The Equipment

The equipment: (Note to self: This page needs to be redone, I’ve updated what we’re using but I intend on explaining a bit more in a later revision – EDIT: I’m currently reworking this, bit by bit, no pun intended)

Source:

Japanese Mega Drive I, motherboard revision VA1 (discrete Yamaha YM2612)
A small mod has been done to correct the output stage, documented in this thread at Sega-16 forums, courtesy of Ace.

What it does, is swapping a couple of the mixing resistors in the pre-amp section (and, as a consequence, the capacitors to obtain the correct low-pass filter) to avoid distortion in loud sounds in some games.
The result is a Mega Drive which is capable of playing correctly all of the games ever released without distortion (yes, even Shadow of the Beast and other very loud tracks such as the Level Complete from Castlevania Bloodlines)
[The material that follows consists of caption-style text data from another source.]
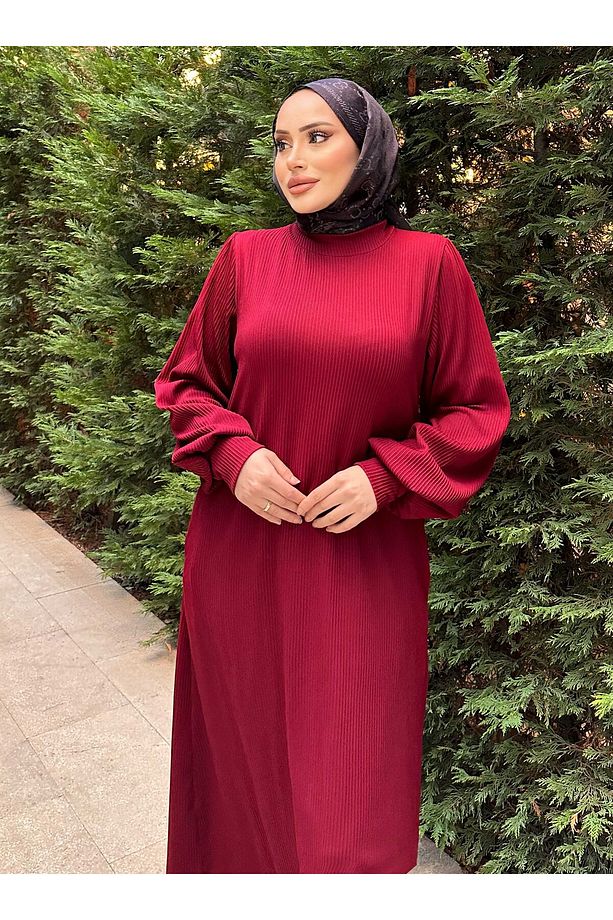 Kendinden Pliseli Elbise - Bordo - SAHRA BUTİK - 6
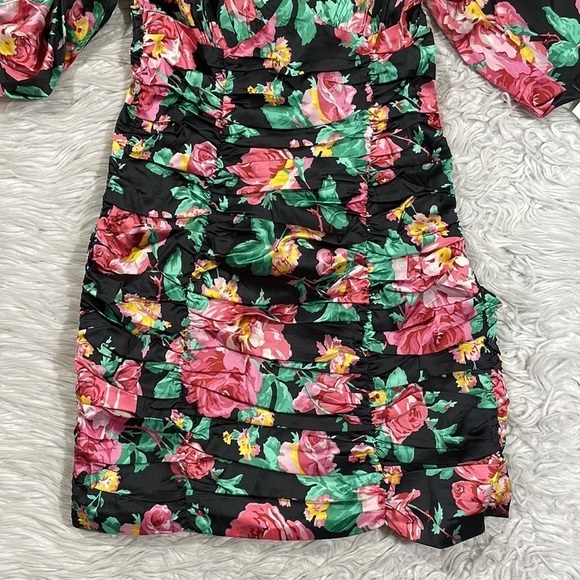 NWT For Love and Lemons Jolie Floral Ruched Puff Sleeve Mini Dress - Picture 6 of 13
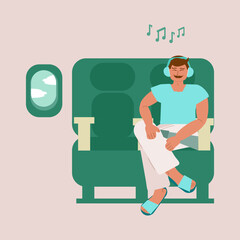 Young man sitting in airplane, smiling and listening to music on headphones. Relaxation, meditation, flying on vacation. Color flat vector illustration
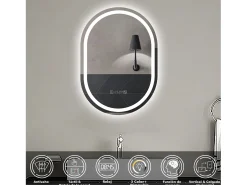 Clearance Aica Espejo de baño LED 60×80cm,reloj,antivaho,luminosidad regulable,ovalado Transparente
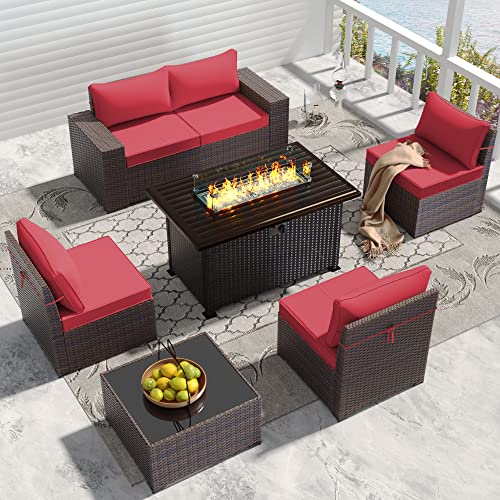 RTDTD Outdoor Patio Furniture Set with Propane Fire Pit Table, 13 Pieces Outdoor Furniture Patio Sectional Sofa Conversation Sets w/ETL Approved 43" Gas Outdoor Fire Table & Coffee Table (Brown)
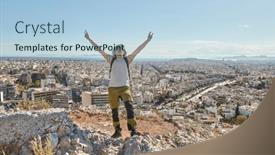  Presentation with panoramic - Slides enhanced with athens-panoramic-city-view background and a  colored foreground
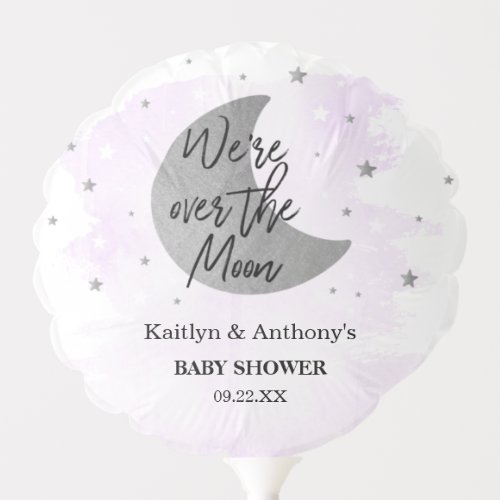 Over The Moon  Neutral Baby Shower Balloon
Mega Drive output circuit mod Mega Drive output circuit mod

This should have gotten us as close as possible to what we consider the “reference”, it being the original development machine used to produce and test Mega Drive games, audio-wise.

I’ve replaced the 3,5mm headphone jack with a higher quality 6,30mm one which gives better contact and is more stable.

Power supplied by a stabilized power supply working at 12V, 5A. It has excellent ripple values and it outputs lots of clean power.

Recording interface:

Mega Drive’s headphone output (volume maxed when possible) to Motu 828 mkII‘s line inputs slaved to a Yamaha Steinberg MR816X which acts as master clock, through professional, 75Ω rated BNC Canare Cables.

Cabling:

Custom cabling with low capacitance and resistance cables, from Sommercable and connectors by Amphenol.

Recording machine:

Mac Pro 2011, dual X5690 Xeon, 12 cores, 24 threads, 48GB RAM, Radeon RX580 8GB, 1TB NVMe Samsung 970 EVO Plus running macOS High Sierra 10.13.6.

Software used:

Modified Deadfish Shitware VGM_Player to playback VGMs (courtesy of project2612.org)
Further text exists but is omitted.